But the Australian airline today gave two reasons for optimism.

First, it said forward bookings were improving even as it restored capacity. The shares, which slumped to a low of A$2.84 in April during the Sars scare, pepped up three cents or 1% to A$3.25.

Second, the company confirmed it was still fighting to get its proposed alliance with Air New Zealand (Air NZ) off the ground. It plans to appeal an early thumbsdown from Canberra regulators on Monday.

Qantas wants to buy a 22.5% stake in Air NZ for NZ$550m(£197m) to underpin a alliance on routes to, from and within New Zealand. It is these international sectors that will face pressure from Sir Richard Branson's local offshoot, Virgin Blue.

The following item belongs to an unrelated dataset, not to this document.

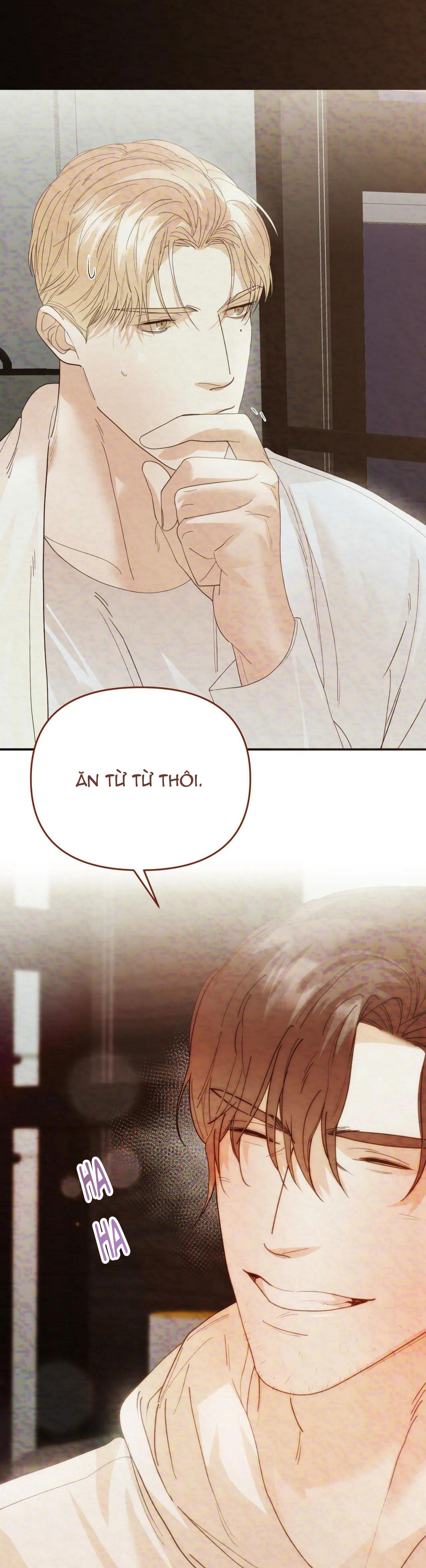 Đọc truyện BETTING ON YOU - Chapter 47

The Australian Competition and Consumer Commission shot down the tie-up in its first overview, triggering the appeal. New Zealand regulators, also poring over the deal, have said they will not deliver a verdict until next month.

Qantas has also been in the news this week as the Australian and Singapore governments signed a more-liberal bilateral airservices agreement.

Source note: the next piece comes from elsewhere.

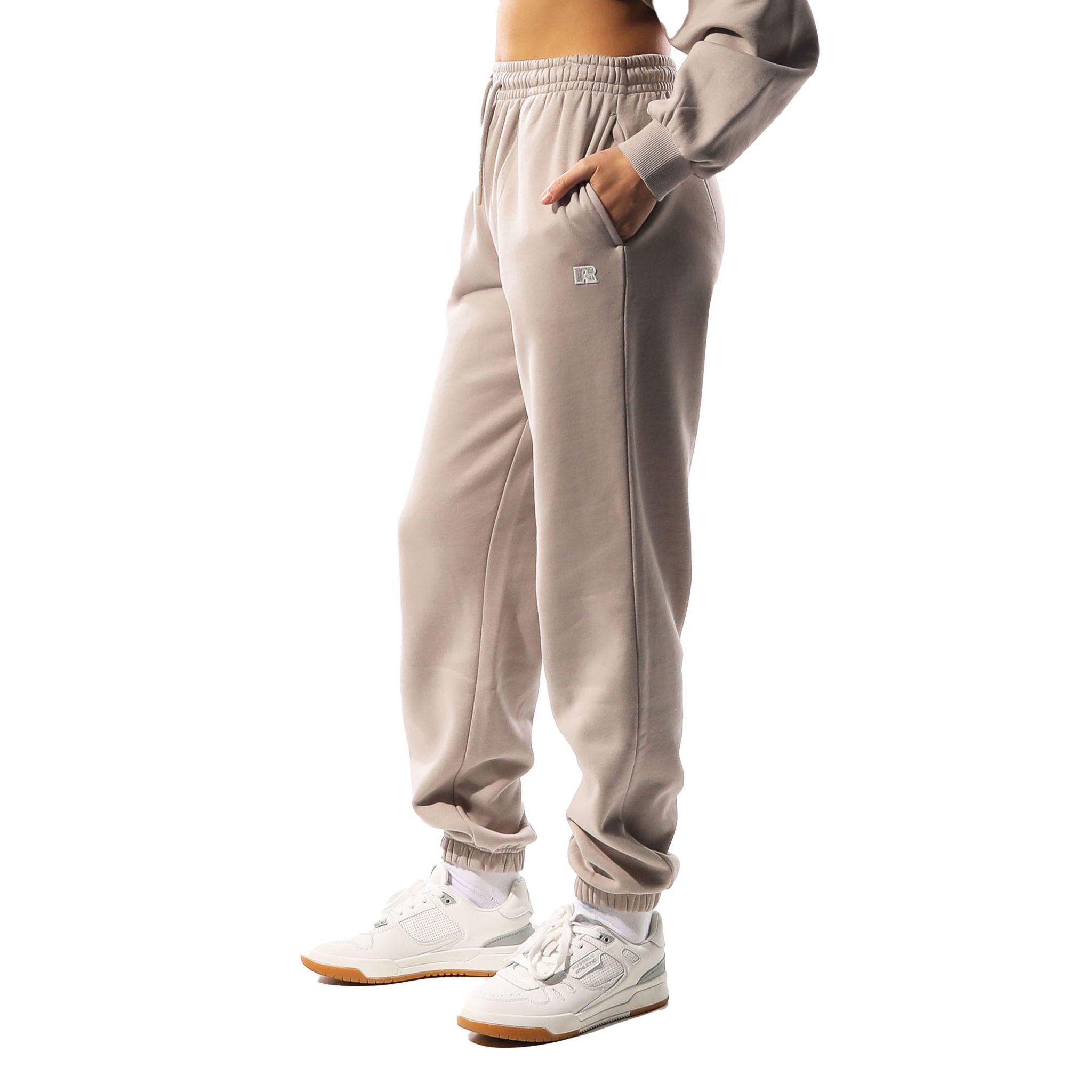 Russell Athletic R Logo Womens Pants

Critically for Qantas, the new framework stopped short of a full open-skies deal. And that means, for the time being at least, Qantas gets to keep Singapore Airlines (SIA) off its lucrative trans-Pacific routes between Sydney and the US West Coast.

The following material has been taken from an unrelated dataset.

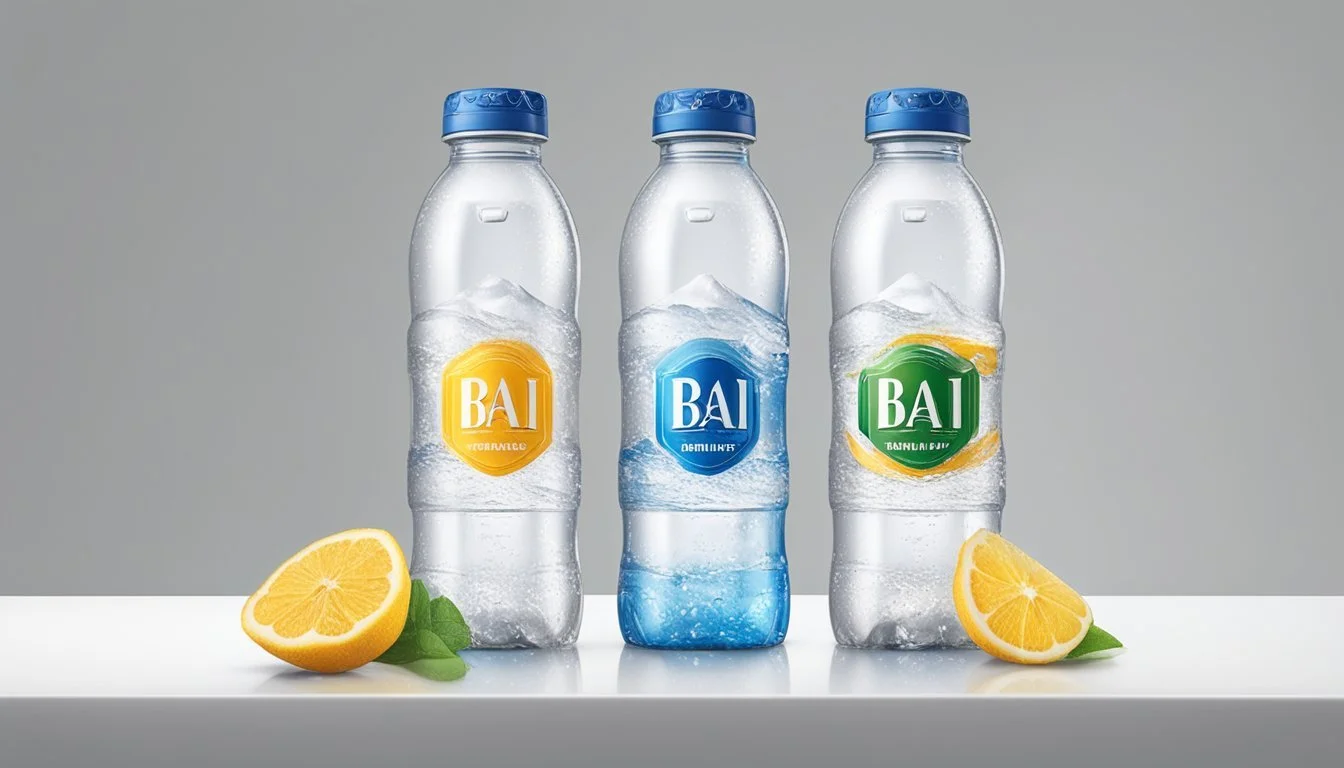 Bai vs. Kirkland Signature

Analysts reckon that the US routes, contested only by United Airlines, may eventually account for as much as a third of Qantas's net earnings.

Brambles Industries, the troubled international logistics business, failed to get a lift from news that chief executive CK Chow had abruptly jumped ship to a post in Hong Kong. The shares, which receive the occasional boost from stale takeover talk, dropped eight cents, or 1.7%, to A$4.70. David Turner, the financial director, will take Sir CK's place.

Peter Lehmann Wines, at the centre of a tussle between Allied Domecq and Switzerland's Hess Group, traded up seven cents or 1.8% at A$4.02. That is two cents better than Allied's latest offer, the highest on the table.

Despite Wall Street's wobble overnight, the All Ordinaries index was 8.5 points higher at 3181.3, a 0.3% gain.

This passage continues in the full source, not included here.